For Flash Player specifically:
Always download Flash Player from here: https://get.adobe.com/flashplayer/
When you install, choose the default option of "Allow Adobe to Install Updates (recommended)", and we'll keep it updated for you.
Google Chrome ships Flash Player as a built-in component, and keeps it updated automatically. There's nothing separate to download, install or configure.
Microsoft Edge and Internet Explorer on Windows 8 and higher also include Flash Player as a built-in component of their browser, and updates are handled automatically through Windows Update. Again, as long as Windows Update is enabled, there's nothing to download or configure.
If you've actually installed malware on your machine:
There is a large universe of unknown unknowns, but the important thing to know is that malware authors at this point are professionals. They test against popular antivirus and cleanup tools. Good malware is going to first establish a foothold, but the second order of business would be to ensure resilience. If you've run cleanup tools and have removed the obvious visible signs of the malware infection, that may be adequate, but you're putting a lot of faith into the efficacy of those tools. In most situations, it's difficult to determine whether or not you've eradicated everything that was installed, and you should weigh those risks carefully. Without significants expertise, and/or an exhaustive and expensive forensic analysis, there are no guarantees.
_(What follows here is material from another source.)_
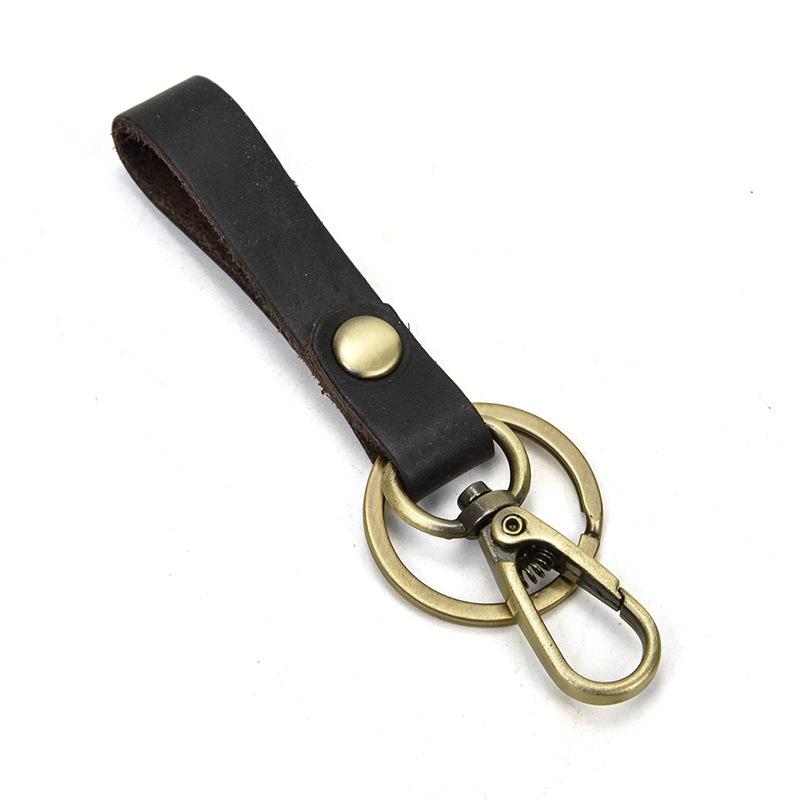 Leather Keychain The First Layer Of Cowhide Crazy Horse Leather Keychain Is Retail In Large Quantities, And Two Colors Are Available 1004.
If it were me, I'd probably back up all of the critical data on the machine and then burn the whole thing down and start from scratch (i.e. format the hard disk, reinstall the operating system and applications from pristine sources, install a reputable antivirus utility, scan my backups and then restore them. I'd then go buy a password manager like LastPass/OnePass/KeyPass/etc. and set about ensuring that I have unique, strong passwords for each of the important online services that I use (including any email services that could be used to reset those passwords), and set up two-factor authentication wherever it's offered.